→ Description of the task
Go to the line with "Cosy modern cottage" in the entries below and write out every line from there through the line with "Używany Volvo C40", exactly and without pictures.
■ ■ ■ ■ ■ ■ ■
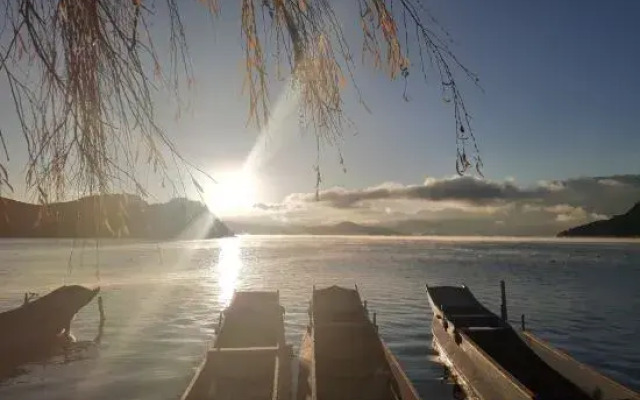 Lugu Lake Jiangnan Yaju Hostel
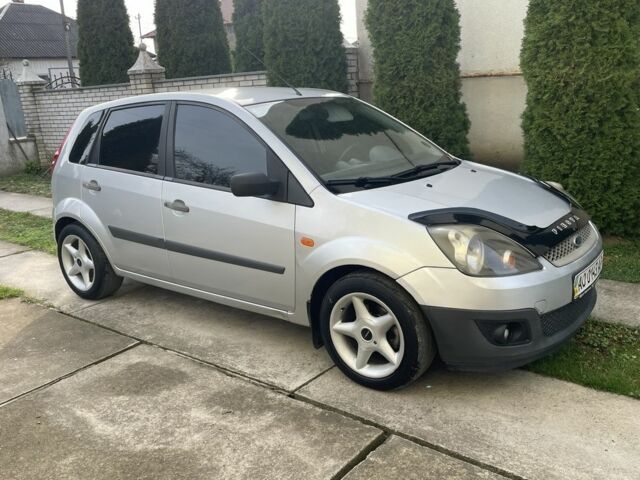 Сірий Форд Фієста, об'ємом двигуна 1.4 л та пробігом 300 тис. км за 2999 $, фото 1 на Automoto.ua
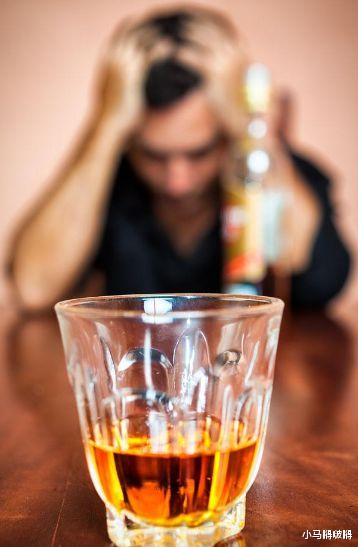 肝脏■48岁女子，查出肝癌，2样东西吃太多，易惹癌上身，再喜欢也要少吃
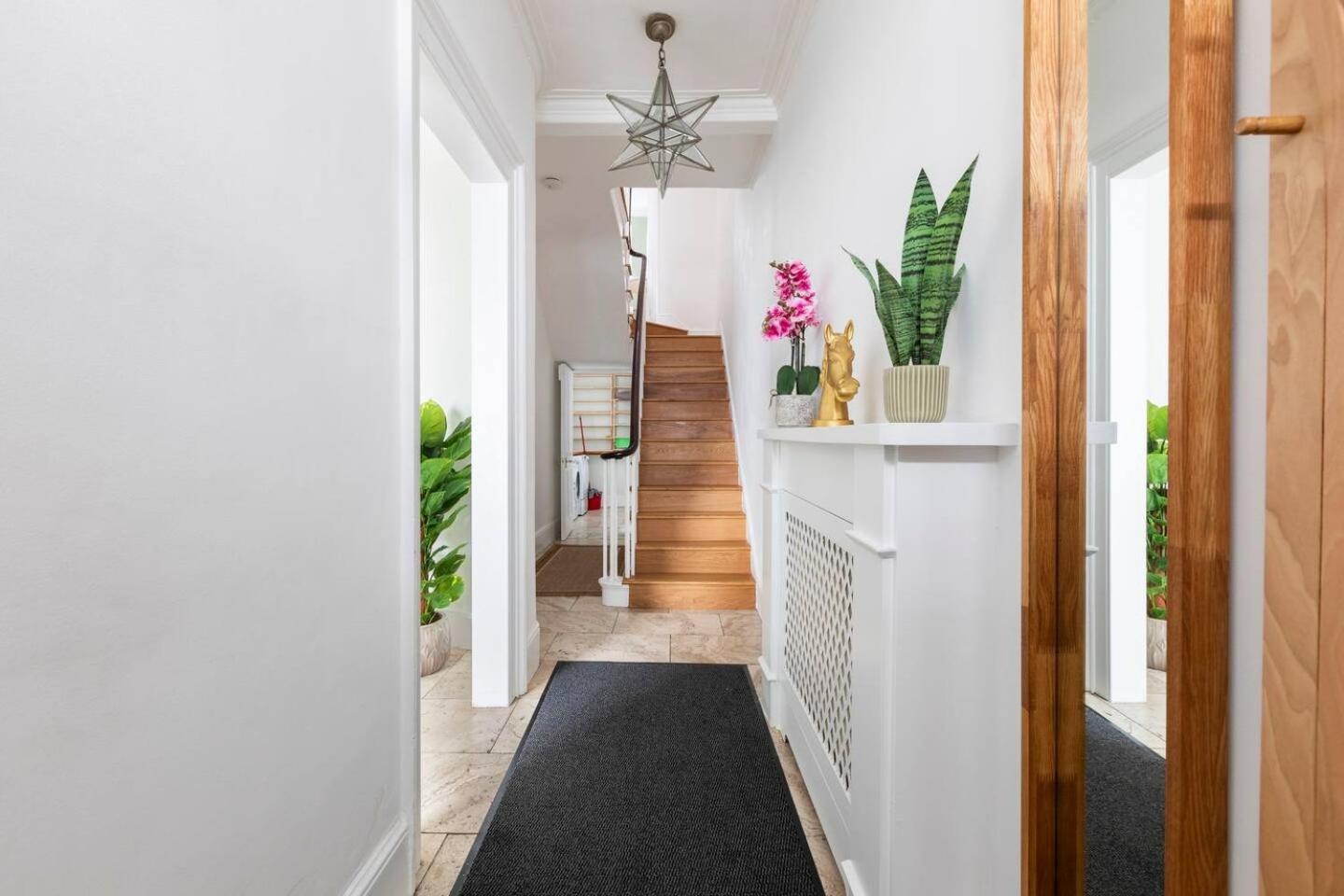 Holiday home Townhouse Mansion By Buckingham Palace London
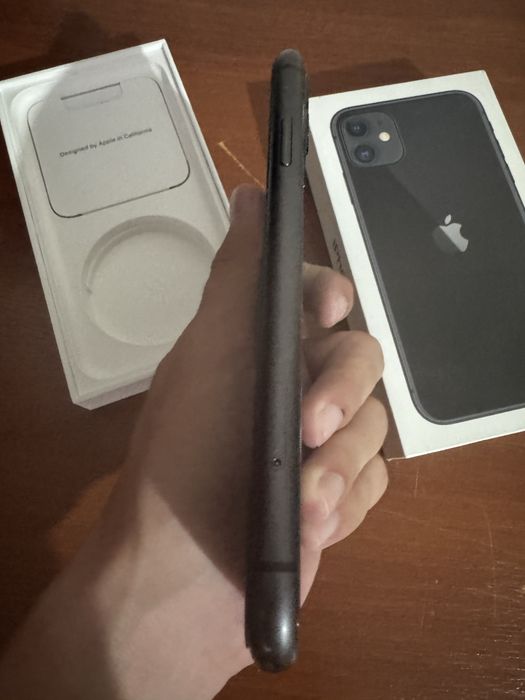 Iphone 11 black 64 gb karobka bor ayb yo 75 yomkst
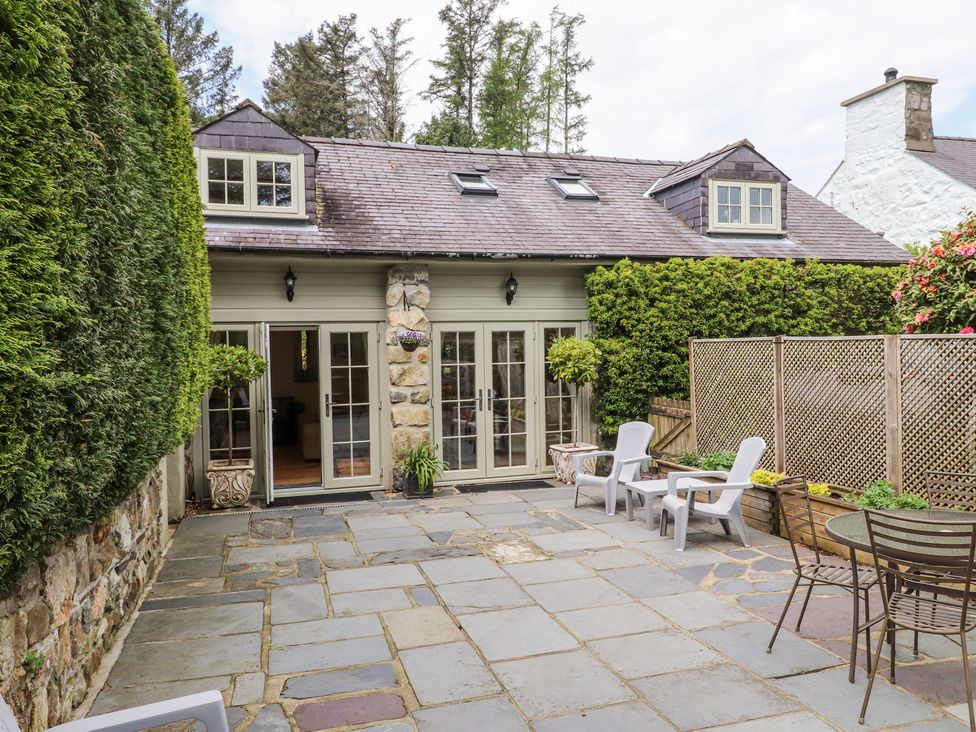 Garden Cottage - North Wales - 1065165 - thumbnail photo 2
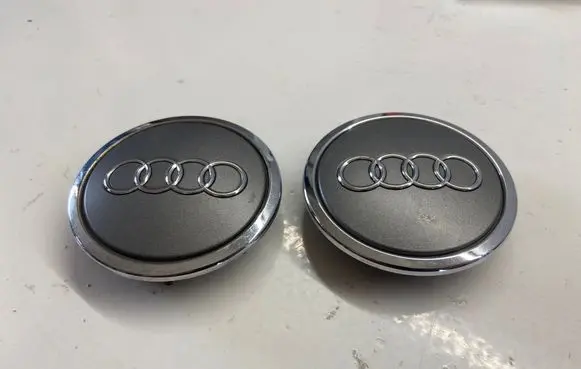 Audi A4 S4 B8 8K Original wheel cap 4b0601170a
■ ■ ■ ■ ■ ■ ■
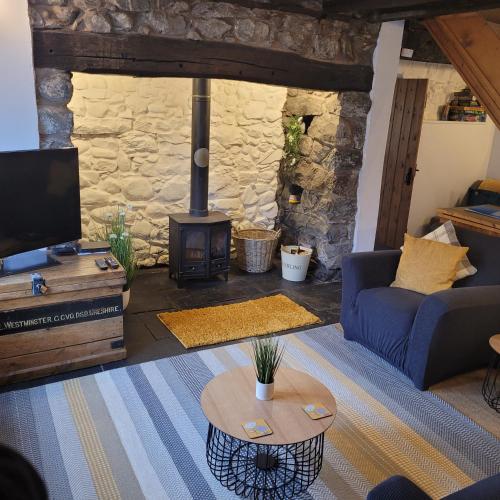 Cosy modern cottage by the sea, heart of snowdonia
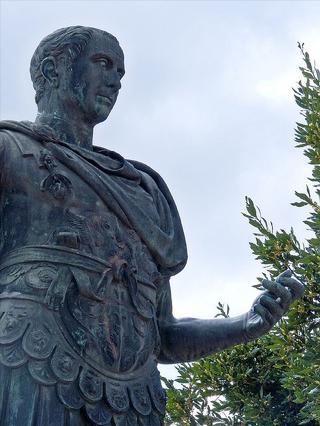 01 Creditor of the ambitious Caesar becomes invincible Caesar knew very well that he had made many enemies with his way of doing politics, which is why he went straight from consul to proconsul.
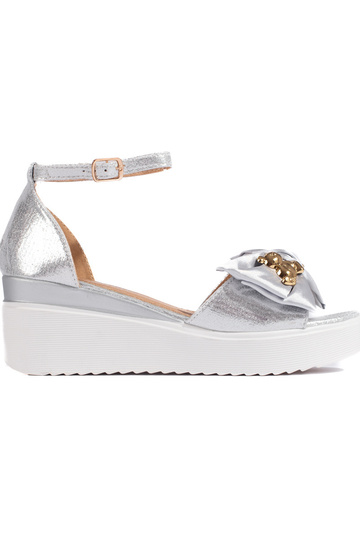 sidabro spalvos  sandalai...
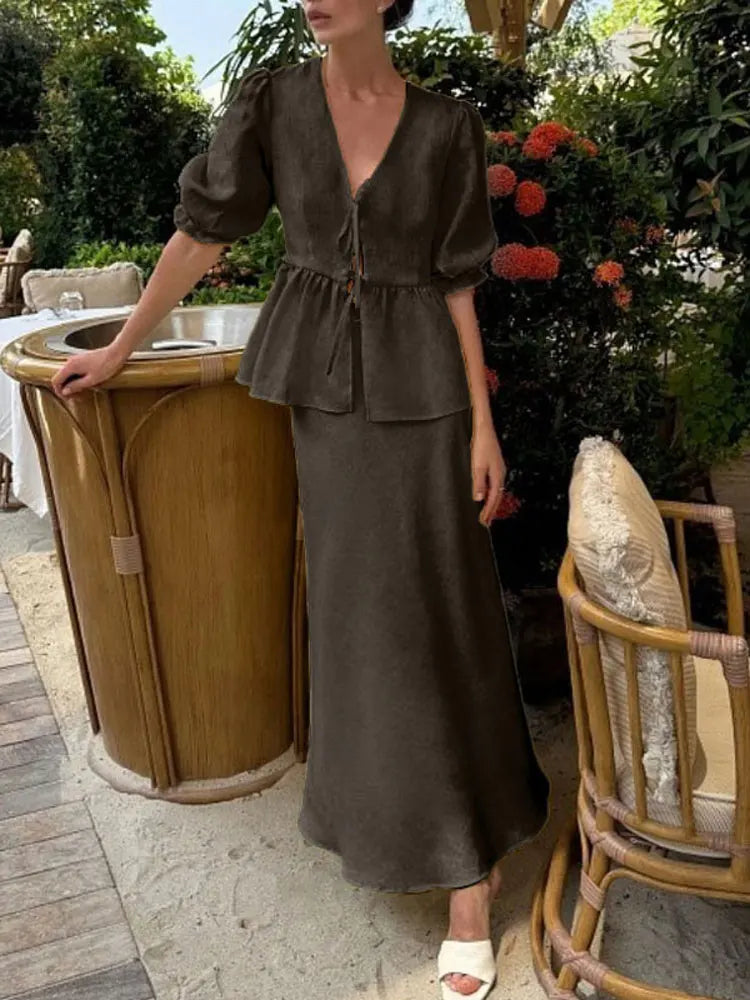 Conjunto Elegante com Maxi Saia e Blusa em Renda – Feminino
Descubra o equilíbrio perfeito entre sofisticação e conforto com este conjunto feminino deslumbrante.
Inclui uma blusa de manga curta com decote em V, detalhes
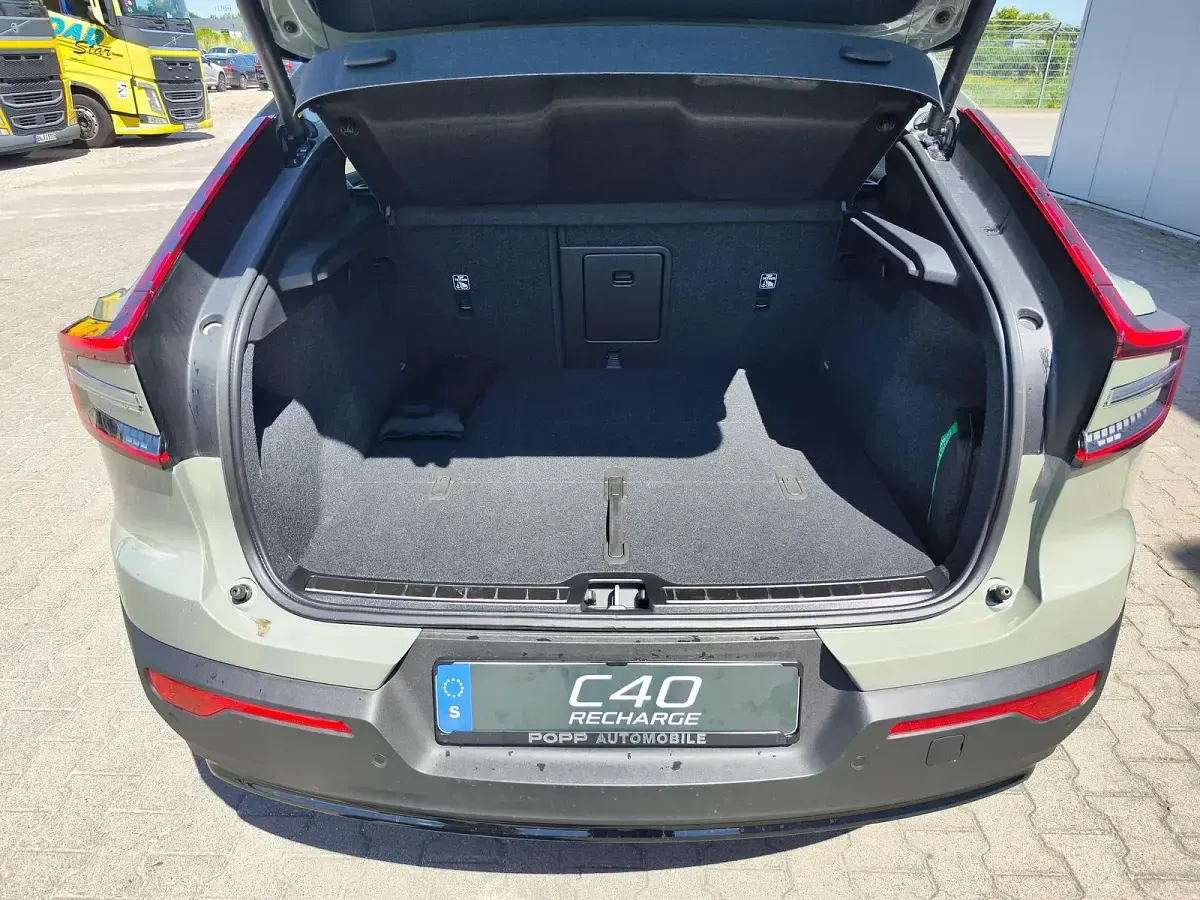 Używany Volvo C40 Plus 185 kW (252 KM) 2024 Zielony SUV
■ ■ ■ ■ ■ ■ ■
→ Task output
 Cosy modern cottage by the sea, heart of snowdonia
 01 Creditor of the ambitious Caesar becomes invincible Caesar knew very well that he had made many enemies with his way of doing politics, which is why he went straight from consul to proconsul.
 sidabro spalvos  sandalai...
 Conjunto Elegante com Maxi Saia e Blusa em Renda – Feminino
Descubra o equilíbrio perfeito entre sofisticação e conforto com este conjunto feminino deslumbrante.
Inclui uma blusa de manga curta com decote em V, detalhes
 Używany Volvo C40 Plus 185 kW (252 KM) 2024 Zielony SUV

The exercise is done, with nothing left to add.